Winning feels good, and good moods are contagious. Success makes it easier to view events in a positive light, to generate optimism. It produces energy and promotes morale. It is easier to aim high and expect to reach the target. It is easier to find the energy to work hard because it looks as if the hard work will pay off. These attitudes reinforce top performance.

Winning makes people feel more engaged with their tasks and with one another. It makes people like one another more, want to spend more time together, feel more generous, and therefore want to practice, prepare, and help one another succeed. It breeds respect, which then makes people more willing to take responsibility and admit mistakes, because they feel secure. These behaviors make it more likely that problems will be caught and solved, because people share information, take responsibility and admit mistakes, pull together and find solutions.

Winning makes it likely to turn informal tendencies into formal traditions, by building winners’ habits of responsibility, teamwork, and initiative into routines, processes, and practices that encourage and perpetuate them. It makes it more likely that leaders will remain in place so that there can be continuity of strategy and approach, institutionalizing systems for producing winners’ behavior. Winning provides the resources for investing in training and tools to ensure that people can be responsible members of the team. This makes it possible to transmit problem-solving and team-enhancing behavior to new people and, thus, to keep the winning streak going.

Winning makes it easier to attract financial backers, loyal customers, enthusiastic fans, talented recruits, media attention, opinion leader support, and political goodwill. Continuing to win stimulates this network to grow in size, scope, and magnitude of investment. Having a flow of valuable resources from the network makes it easier to invest internally in conditions associated with victory, including facilities and staff. And knowledge on the part of the team that there is external support for winning circles back to fuel positive expectations, further strengthening the cycle of success.

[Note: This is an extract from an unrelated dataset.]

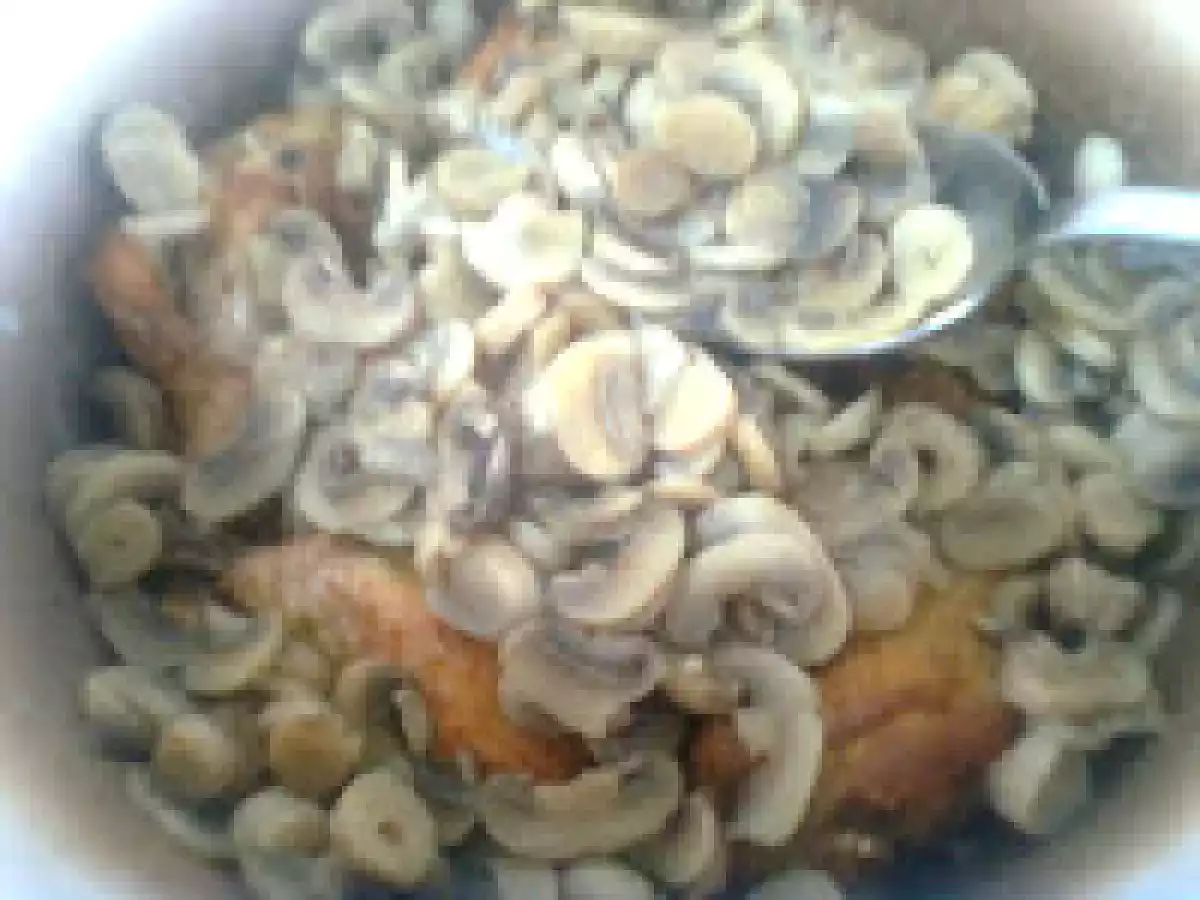 SOS DE PUI CU MASLINE SI CIUPERCI - poza 4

At each level—emotional, behavioral, organizational, environmental—confidence both feeds winning and feeds off of it. Momentum builds because each success in a sequence of successes makes it easier to generate self-confidence, confidence in colleagues, confidence in the system, and investor confidence. All those aspects of confidence converge to prepare the people who must deliver victory on the field, even if the team is a different set of people each year. Winning becomes an ingrained tradition, embedded in the culture and supported by powerful external networks, even if individual talent comes and goes.